It's good to point out this possibility, but outside of an institutional purchaser, people don't buy 2 mattresses with the purchases separated by a week.

Knowing that you bought a mattress is useful for the ML to find the mattress-purchase-likely cohort. Filtering those people out just saves the advertisers money. Hence the grift.


What if they bought a mattress and found out they didn't like it after one night? A lot of stores let you return them if you don't like them within a number of days. That would mean they are in the market for another one.

I'm not saying it's likely, but there are scenarios.


Really 0%? It seems like some of the buyers would return their mattress and buy another. If 10% return and 90% of those buy another brand, that seems to me like an above average audience to market mattresses to.


> people don't buy 2 mattresses with the purchases separated by a week

I did this. It’s because I’m incompetent. But I bought stuff for each room one at a time. Use an ad blocker, so no clue if it caught.


> Filtering those people out just saves the advertisers money.

Google Ads specifically has a feature to exclude targeting of customer's you've said have made purchases, ie. only target net new customers.

The platforms aren't as dumb as the post author thinks they are.
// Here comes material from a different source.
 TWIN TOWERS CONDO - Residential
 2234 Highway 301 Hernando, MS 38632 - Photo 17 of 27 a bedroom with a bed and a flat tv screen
>The platforms aren't as dumb as the post author thinks they are.

Maybe the platforms are not that dumb, it is the mattress seller that doesn't properly make use of that feature, or there could be other reasons why they insist on suggesting over and over again a mattress.

The experience described has happened to everyone for any (not very often replaced) item bought online, be it a printer, a wash machine or whatever, so if the platform is not dumb, it lacks data and the sellers are dumb, in any case the final effect of this "targeted" ads is 0 added sales.


I think the post was being sarcastic?

People who have recently bought a mattress will see a lot of ads for mattresses.


The ads are so inexpensive that just one repeat buyer pays for all the waste.

Think of it — some people have a second home. Or a short term rental. Or a guest bedroom.


Or they returned the mattress or the data is not perfect and they’re still shopping etc


It's more likely that the mattress company couldn't be bothered creating a separate segment from their purchase order completion page and then excluding that from ads, because 95% of people who come to the page don't buy a mattress, and 95% of people who have bought a mattress don't click on ads when you show them, and the cost for AdRoll retargeting is per click not per impression.


Well, according to Douglas Adams, somewhere in the Galaxy is a swampy planet populated by sentient mattresses named Zem:

“No one really knows what mattresses are meant to gain from their lives either. They are large, friendly, pocket-sprung creatures that live quiet private lives in the marshes of Sqornshellous Zeta. Many of them get caught, slaughtered, dried out, shipped out and slept on. None of them seems to mind this and all of them are called Zem.”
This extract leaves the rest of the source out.